Easy to fire. Harder to hire.
That’s the mantra every good athletic director has to live by when making a coaching change. Firing is unpleasant but, except in situations involving NCAA violations or ethics, it’s usually a popular move with a fan base. (Fan bases are not noted for patience.) Even when firing is expensive, as most are these days, fans generally aren’t reluctant to see buyouts paid off in the hope of something new.
It’s getting to the “something new” that’s hard. Ostensibly, the whole purpose of the exercise is to get something better than you had. The market offers lots of possibilities but few guarantees. The problem for an AD is that the same fans who wanted a firing also want a grand slam at hiring time. You can’t hit a grand slam every time. Thus, the worst-case scenario, wherein a program finds itself spinning its tires in a hire-and-fire cycle that can last a decade or more.
With that said, here is a look at the six (!) vacancies in the Southeastern Conference now that the smoke has (mostly) cleared.
FLORIDA: The firing of Jim McElwain, who seemed as if he’d burned out at midseason this year, was unavoidable. Dan Mullen, who comes with plenty of SEC experience from years as a Gator assistant and then a Mississippi State head coach, is a solid choice. The question is whether Mullen is a championship coach who was constrained by some of the economics and recruiting demographics in Starkville, or whether he is just “solid” and not “special.” So it’s not a grand slam, but I’d call it a solid double.

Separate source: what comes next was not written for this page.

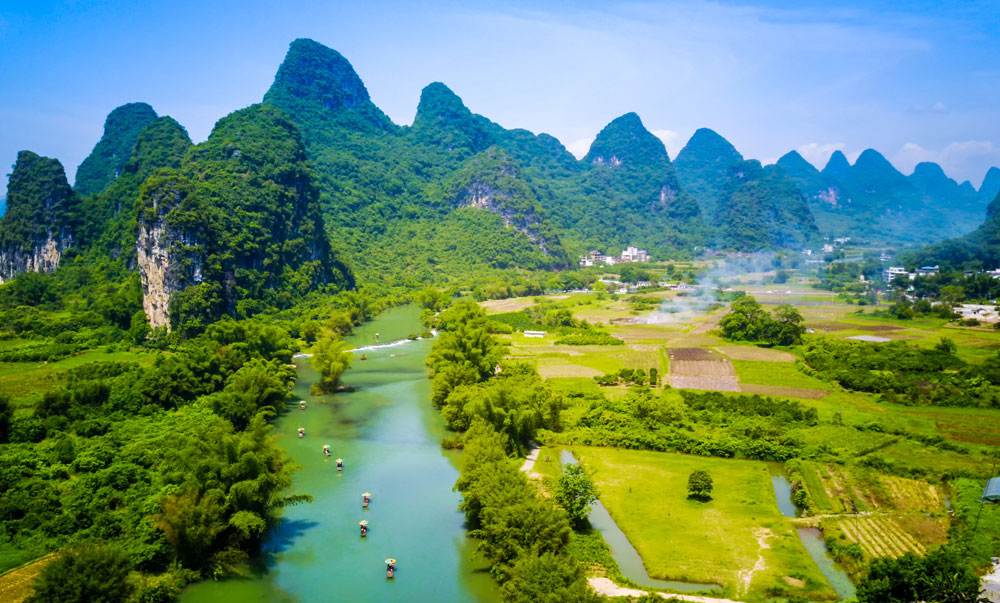 Balsa de bambú en Yangshuo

OLE MISS: The fans didn’t want to fire Hugh Freeze (see “ethics” and “NCAA” exceptions above) but seem to have enough sense to realize that trying to sell the job to someone without knowing the dispensation of the NCAA case was like trying to sell someone a car by showing them a crayon drawing of a car. Thus, interim Matt Luke is a way of settling on decent, reliable transportation until you can get things squad away at the bank. The players like him, he did a nice job of holding things together when quarterback Shea Patterson was injured, he won the Egg Bowl and he deserves a shot as much as anyone Ole Miss could have persuaded with more money. No grand slam, but call it an intentional walk.
MISSISSIPPI STATE: Didn’t fire Mullen, he walked. Trying to replicate the formula that worked before — hire a hot name from the assistant ranks — seems to be the route here.

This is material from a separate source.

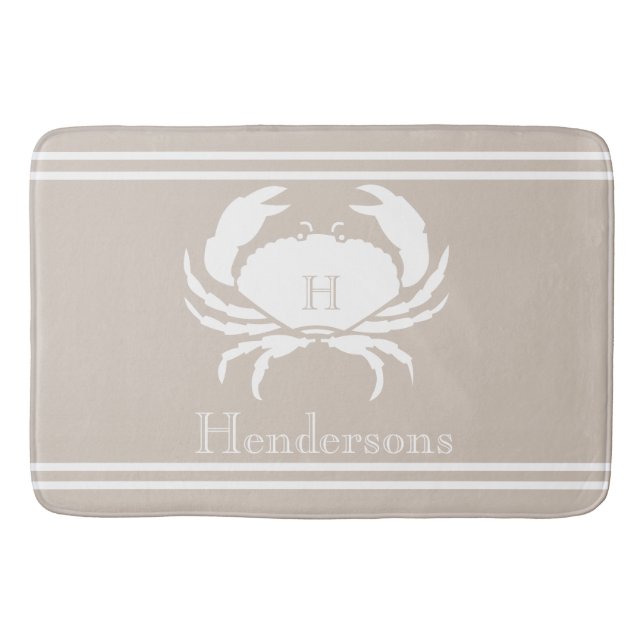 Nautical Sand Tan Taupe White Crab Monogram Name S Bath Mat (Front)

ARKANSAS: Bret Bielema couldn’t outrun his SEC record. The Razorbacks seem to be waiting before wading into the hiring fray for some reason.
TEXAS A&M: Kevin Sumlin was a really good September-October coach. Aggies are swinging for the fences on FSU’s Jimbo Fisher so they can be good from November on.

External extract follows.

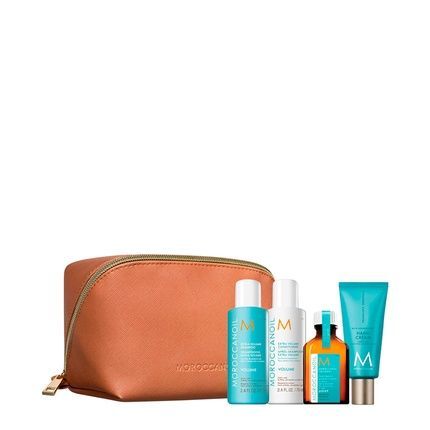 Moroccanoil Travel Kit Extra Volume Includes Shampoo 70Ml Conditioner 70Ml Treatment 25Ml Hand Cream 40Ml And Pouch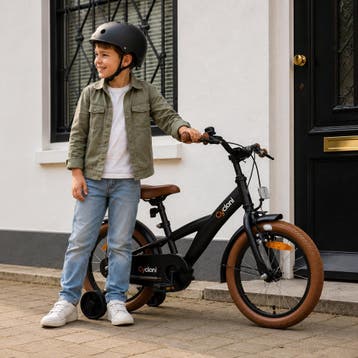 Cycloni Kinderfiets - 12, 14 en 16 Inch - Jongensfiets Zwart, Terugtraprem, Zijwieltjes, Nieuw, Ophalen of Verzenden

TENNESSEE: In this coach-hiring circus, Orange is the lowest-hanging fruit. They’ve been bashed, largely for spending the half-season that elapsed after Butch Jones’ fate was sealed lusting after Jon Gruden, then botching the near-hiring of former Rutgers coach Greg Schiano who was unwanted because of his career record, or a connection to the Penn State scandal, or both. I will not pretend to judge the motives of the mutinous fans that scuttled Schiano. I will note that the latest move seems to be for a “family” hire off the Phil Fulmer tree, which sounds like a shallow fly to left field, not a grand slam.